Forma przełomu może być różna. Od drobnych kłaczków, po duże skupiska.

 

Co do piany przy gotowaniu, to szkoły są różne. Ja nie zbieram.

Odnośnik do komentarza
Udostępnij na innych stronach

Na wiki podają, że przełom po angielsku to hot break:

 

Ważnym zjawiskiem zachodzącym w czasie chmielenia jest wytrącanie się białek i polifenoli w postaci tzw. osadu gorącego, zwanego też przełomem (hot break). Można to zaobserwować podczas gotowania jako jasne kłaczki pływające w brzeczce, czasem małe jak pył, czasem duże jak płatki śniegu. Dobry przełom jest tradycyjnie uważany przez piwowarów za dobrą wróżbę dla piwa, dzięki niemu pozbywamy się wielu niechcianych substancji z piwa. Niestety, nie wiadomo co wpływa na powstanie ładnego przełomu (jakość słodu? nachmielenie? intensywne gotowanie?).
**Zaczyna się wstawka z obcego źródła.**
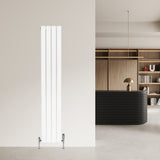 Sleek white flat single column radiator with chrome valves, positioned against a modern interior wall, enhancing contemporary decor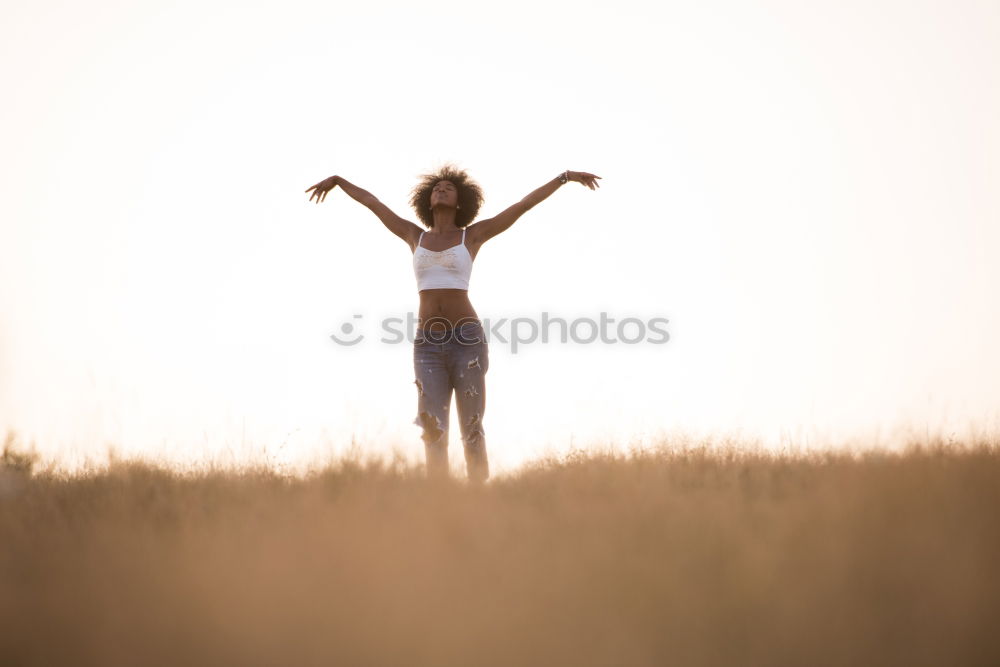 Similar – Young woman with her arms raised to the sky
Osad gorący jest nierozpuszczalny, pozostaje na dnie kotła po dekantacji brzeczki do fermentora.

 

Wpisałem w google grafika i oto wyniki:

http://1.bp.blogspot...s Hot Break.JPG

http://i67.photobuck...go/DSC_6987.jpg

http://2.bp.blogspot...00/IMG_2911.jpg

 

Ja występowania czegoś takiego nie zauważyłem w moich 2 warkach, jednak te osady się wytrącały w postaci takiego pyłku.

 

W ogóle jakbym robił piwo i nie wiedział nic o występowaniu przełomu to pojawienie się takich "alienów" jak na zdjęciach powyżej podczas warzenia mocno by mnie zaniepokoiło :D

Edytowane przez Biniu
Odnośnik do komentarza
Udostępnij na innych stronach

Parę razy miałem przełom. Wyglądało to mniej więcej tak jak drobne lane kluski w zupie ( na forum widziałem zdjęcie z dużymi kluchami). Zauważyłem, że u mnie przełom występuje jak dłużej gotuję. i to gotowanie jest bardzo intensywne, że brzeczka chce wyskoczyć z gara.Z tego co wiem, to tego się nie zbiera. Po wystudzeniu kluchy (ścięte białko) osiadają na dnie. .

 

Edytka: Paru kolegów mnie uprzedziło.

Edytowane przez Krzysztoń
Odnośnik do komentarza
Udostępnij na innych stronach

Ja natomiast na początku gotowania czekam aż ta piana sama się "wchłonie" , trwa to kilka minut. Dodając chmiel jak tej piany jest jeszcze sporo , dużo bardziej brzeczka zaczyna się burzyć i lubi wykipieć. A co do przełomów , to odkąd gotuje w kegu , są zdecydowanie mniejsze , takie kłaczki jak bardzo drobny makaron i praktycznie w każdym piwie w którym nie daje mchu , występuje u mnie zmętnienie na zimno. Na tym samym taborecie , ale gotowanie w emalii i wrzenie dużo mocniejsze - zmętnienia na zimno miałem w jednym piwie. Zamierzam dokupić grzałkę zanurzeniową ,żeby wspomóc wrzenie.

Edytowane przez pepek84
Odnośnik do komentarza
Udostępnij na innych stronach

Słód zawiera białko, jeden więcej, inny mniej. Przełom to po prostu białka ze słodu zbite w kłaczki (lub kłaki ;)). Im więcej białka w słodzie tym większy przełom (np słód pszeniczny). Zastosowanie przerwy białkowej pomaga uzyskać ładny przełom, z drugiej strony jednak ma niekorzystny wpływ na pianę. Dlatego jeśli już się ją stosuje, to raczej krótką. Tyle teorii, w praktyce nie zauważyłem żeby brak przerwy białkowej miał u mnie negatywny wpływ na pianę. Dlaczego im większy przełom tym lepiej? Bo zbyt duża ilość białek może mieć negatywny wpływ na klarowność piwa i jego trwałość.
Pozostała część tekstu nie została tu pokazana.